Je n'aurais jamais imaginé aller un jour à la chasse, encore moins aux serpents à sonnette, avec un fusil à lunette, et non pas le contraire ! Car le crotale est sourd comme tous les êtres de son espèce et seul le cobra indien porte des lunettes sur son dos. Tandis qu'Agnès est restée à la piscine avec Nathalie et Bernadette, deux nouvelles copines qui habitent Reims et dont les parents nous ont invités à une marshmallow party, j'ai suivi leurs grands frères et deux jeunes Américains faire les quatre cents coups dans le désert. Ils ont arrêté la voiture au milieu de nulle part et sorti un fusil du coffre. Ils gagnent leur argent de poche en revendant les peaux des crotales pour en faire des ceintures. Lorsqu'ils touchent un reptile, ils lui coupent aussitôt la tête parce qu'il paraît qu'il peut encore mordre, même décapité. Un peu comme les canards sans tête qui continuent à courir. Sauf que le serpent à sonnette est extrêmement venimeux. Ils retournent ensuite la peau comme on dépèce un lapin. Lorsqu'ils font chou blanc, ils s'entraînent sur les poteaux télégraphiques. J'étais un peu choqué par toute cette barbarie, mais fasciné par la sauvagerie de l'équipée rock 'n roll. Ils nomment Wild West, l'ouest sauvage, ce que nous appelons Far West, l'ouest lointain. Lointains ou sauvages, ces mondes m’attirent. Confronté à l’autre je me vois sous un angle nouveau, débarrassé de mes oripeaux. Le désert est une feuille de papier à musique encore vierge. Pas une note ne viendra se poser sur les fils télégraphiques. Tout semble possible. En rentrant, Jim repère une énorme mygale poilue sur le mur blanc de la maison. C'est le jour des émotions. Elle est grosse comme la main. Il l'attrape en la recouvrant avec un bocal, puis il passe une feuille de carton entre le mur et le récipient qu'il n'a plus qu'à retourner. J'aurais besoin d'un petit remontant ! Pas sûr que les brochettes de marshmallows grillés suffisent, en plus c'est brûlant... La bestiole affolée reste impressionnante derrière la paroi circulaire de son cercueil de verre. J'essaie de me rafraîchir avec de la pastèque.

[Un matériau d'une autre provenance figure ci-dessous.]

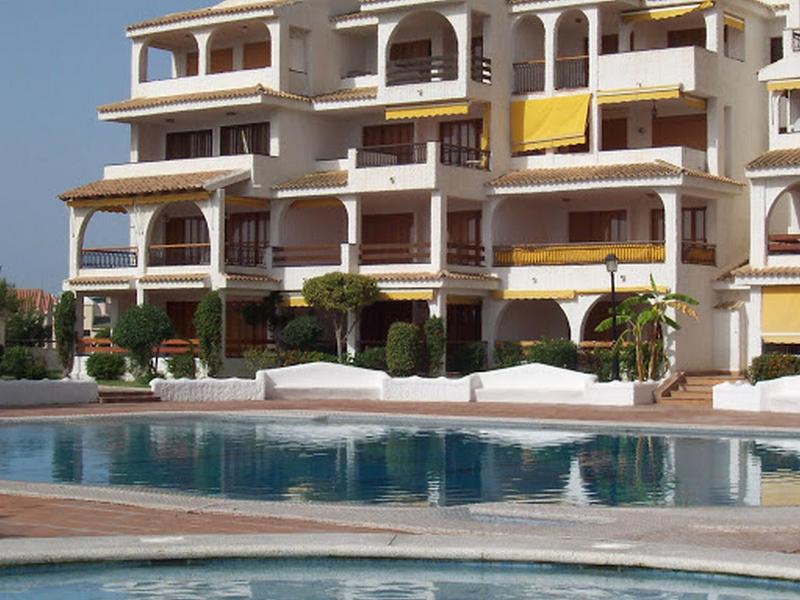 Residencial Varadero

Les Bornstein, qui ont une copieuse vie sociale, essaient de nous organiser des rencontres avec des Français. Je n'ose par leur dire que je préfère fréquenter des Américains. Nous allons chez les uns, les autres passent au ranch, et réciproquement. Les Oppenheimer et les Tolbert sont les plus assidus. Tout le monde adore converser sur ce qui se passe dans le monde, à ma plus grande joie, mais nous sommes préoccupés par notre départ pour Los Angeles qui est prévu pour demain 15 août. Mrs Bornstein n'a pas réussi à joindre ses amis architectes depuis lundi, or c'est le seul contact possible à L.A. Je tente de rassurer Agnès en lui répondant que si l'on ne connaît personne là-bas nous irons au commissariat de police leur expliquer que nous cherchons une solution pour nous loger. C'est évidemment un peu angoissant.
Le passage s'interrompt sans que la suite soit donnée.